The Tuberzone project, centred on Montrose-based Grampian Growers, Scotland’s Rural College (SRUC) and Angus-based Soil Essentials, has received £74,712 to help growers determine the ideal burn-down date for the variety, Gemson, by using the latest satellite technology.
Two fields wree involved in trials last year using a combination of aerial drone footage and manual trial digs, and this year the project has been scaled up to 78 fields stretching from the Black Isle to southern Perthshire.
Grampian Growers managing director Mark Clark said the wider industry and other potato varieties stood to benefit from the trials.
“This is about utilising new smart technology to replace manual digs and visual assessment,” he said.
“Satellites are now doing 85% of what the drones were doing and eventually drones will be entirely replaced.”
Other projects to share the funds include a beef marbling project, delivered by the Scottish Agricultural Organisation Society (Saos) and SRUC, which has been awarded £49,000 to use new techniques to identify the best beef animals in a herd.

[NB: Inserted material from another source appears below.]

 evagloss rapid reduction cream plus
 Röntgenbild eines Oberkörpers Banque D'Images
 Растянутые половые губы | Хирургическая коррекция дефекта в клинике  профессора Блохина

SRUC/Sac has also secured £74,429 for a project that will assess the nutritional status of the suckler cows both pre-calving and post-calving and link this along with changes to body condition scores and fertility.
Funding of £97,466 has been awarded to SRUC and DLT/Blockchain to work on a system to provide reliable traceability and provenance for gluten-free oats.
An SAOS livestock performance programme has secured £60,873 to increase the resilience and production efficiency of the Scottish suckler herd by piloting the use ScotEID data to analyse and calculate key management decisions on a day-to-day basis.
In the pig sector, Wholesome Pigs Ltd has won funding of £81.314 to pilot the elimination of Porcine Reproductive and Respiratory Syndrome (PRRS) from the Moray Coast and refine the techniques that can be applied to the rest of the country.